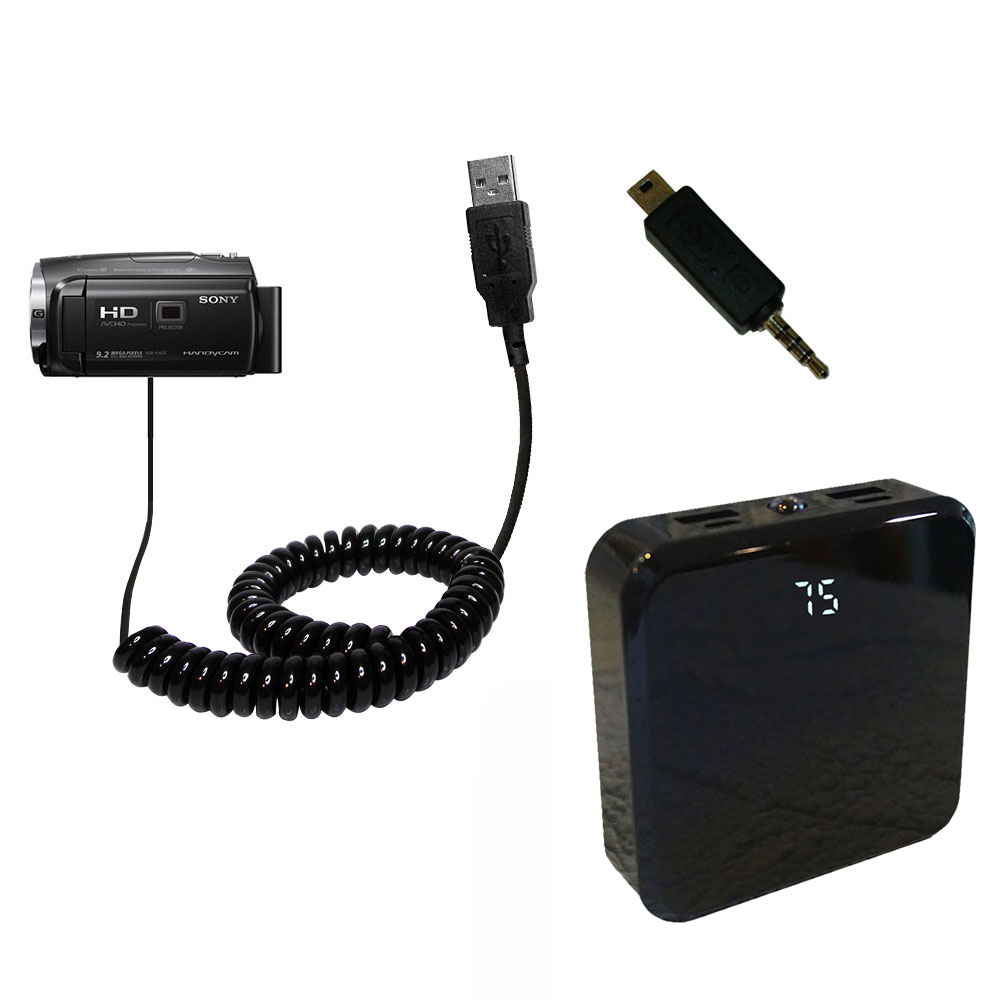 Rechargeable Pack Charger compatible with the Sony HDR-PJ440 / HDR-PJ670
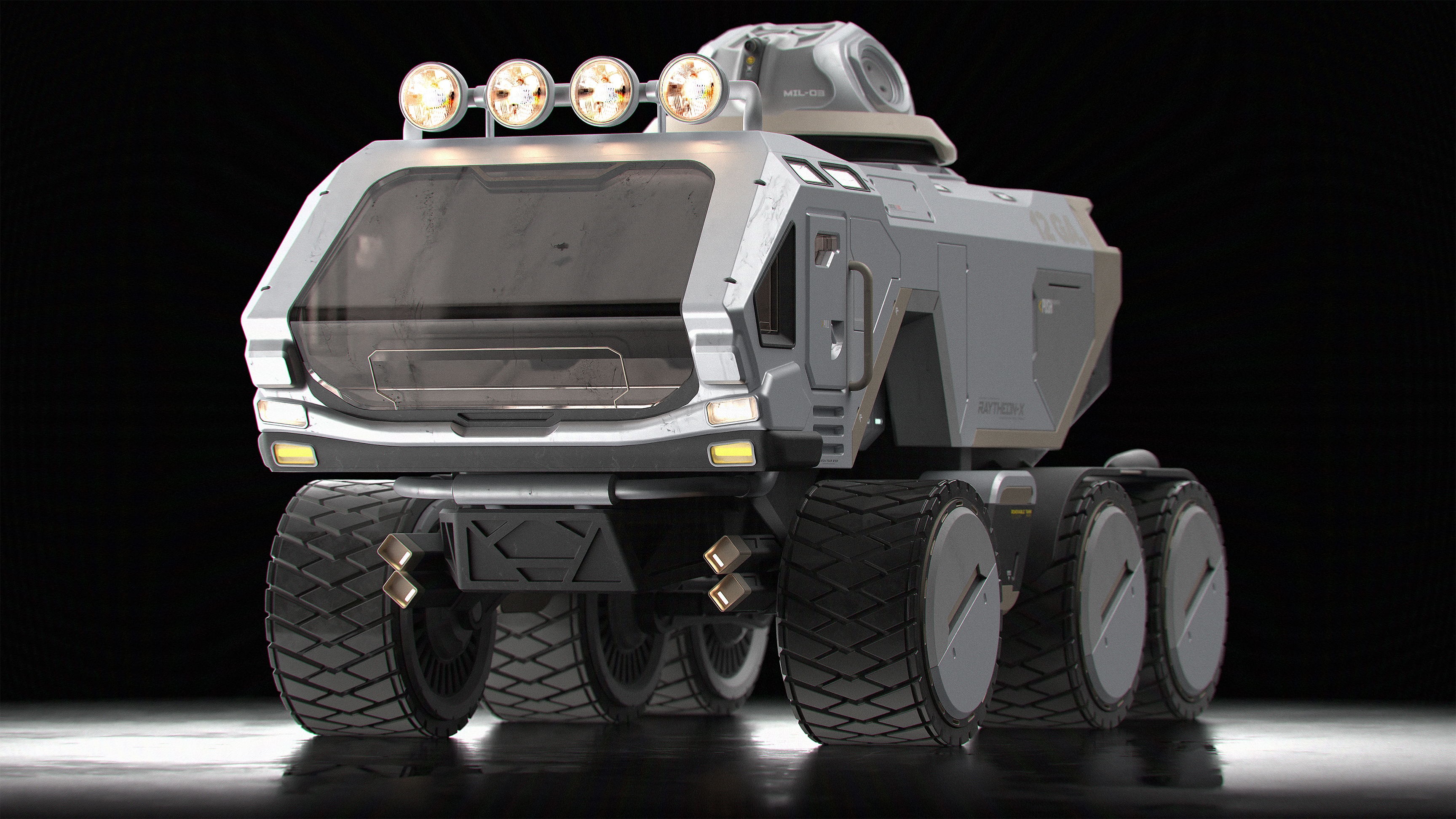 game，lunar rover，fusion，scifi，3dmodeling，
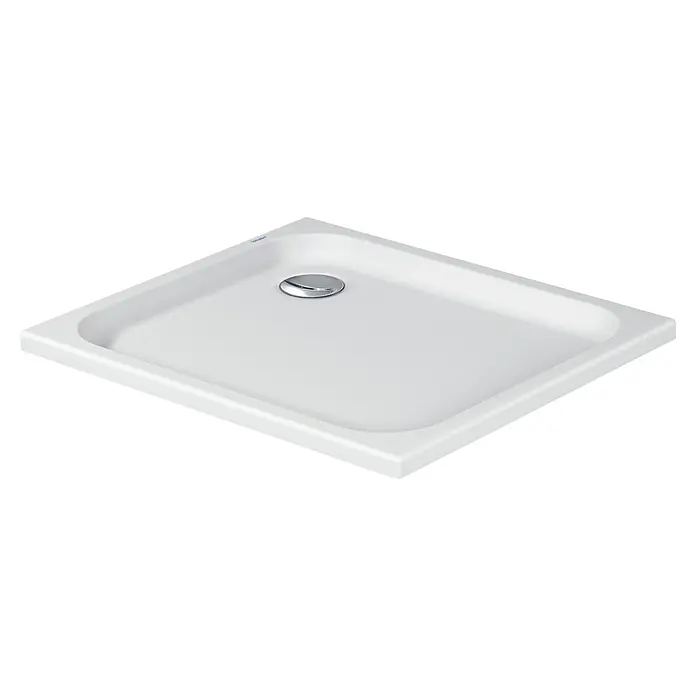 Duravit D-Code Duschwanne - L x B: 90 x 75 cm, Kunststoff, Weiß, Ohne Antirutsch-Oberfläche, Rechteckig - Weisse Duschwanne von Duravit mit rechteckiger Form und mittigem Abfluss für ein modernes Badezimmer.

#### Work item:
Omitting the images, copy the listing exactly.

#### Reply to the task:
 Rechargeable Pack Charger compatible with the Sony HDR-PJ440 / HDR-PJ670
 game，lunar rover，fusion，scifi，3dmodeling，
 Duravit D-Code Duschwanne - L x B: 90 x 75 cm, Kunststoff, Weiß, Ohne Antirutsch-Oberfläche, Rechteckig - Weisse Duschwanne von Duravit mit rechteckiger Form und mittigem Abfluss für ein modernes Badezimmer.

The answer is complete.